*** Opening of SUPPLIED MATERIAL ***

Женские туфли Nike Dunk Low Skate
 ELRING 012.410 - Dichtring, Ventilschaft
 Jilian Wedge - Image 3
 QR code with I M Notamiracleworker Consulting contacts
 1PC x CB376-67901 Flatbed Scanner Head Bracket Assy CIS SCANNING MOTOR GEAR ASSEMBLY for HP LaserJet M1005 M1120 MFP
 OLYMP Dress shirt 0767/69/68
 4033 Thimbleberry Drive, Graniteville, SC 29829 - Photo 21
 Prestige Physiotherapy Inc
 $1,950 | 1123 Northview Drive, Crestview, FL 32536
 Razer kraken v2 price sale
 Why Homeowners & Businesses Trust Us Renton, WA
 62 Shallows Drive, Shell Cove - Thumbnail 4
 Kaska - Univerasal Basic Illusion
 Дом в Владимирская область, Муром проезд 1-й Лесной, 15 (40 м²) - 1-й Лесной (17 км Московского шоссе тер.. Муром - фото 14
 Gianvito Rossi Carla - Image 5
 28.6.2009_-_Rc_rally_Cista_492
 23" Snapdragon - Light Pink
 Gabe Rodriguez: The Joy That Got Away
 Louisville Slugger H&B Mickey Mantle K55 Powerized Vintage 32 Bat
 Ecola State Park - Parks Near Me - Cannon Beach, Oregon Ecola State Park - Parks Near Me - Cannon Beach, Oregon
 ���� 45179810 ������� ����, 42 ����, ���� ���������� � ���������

*** Close of SUPPLIED MATERIAL ***

# WORK TO BE COMPLETED
In the listing above, find the line with "Razer kraken v2 price sale" and the line with "Louisville Slugger H&B"; output exactly those lines and all lines between them.

# SOLUTION FOR THIS TASK
 Razer kraken v2 price sale
 Why Homeowners & Businesses Trust Us Renton, WA
 62 Shallows Drive, Shell Cove - Thumbnail 4
 Kaska - Univerasal Basic Illusion
 Дом в Владимирская область, Муром проезд 1-й Лесной, 15 (40 м²) - 1-й Лесной (17 км Московского шоссе тер.. Муром - фото 14
 Gianvito Rossi Carla - Image 5
 28.6.2009_-_Rc_rally_Cista_492
 23" Snapdragon - Light Pink
 Gabe Rodriguez: The Joy That Got Away
 Louisville Slugger H&B Mickey Mantle K55 Powerized Vintage 32 Bat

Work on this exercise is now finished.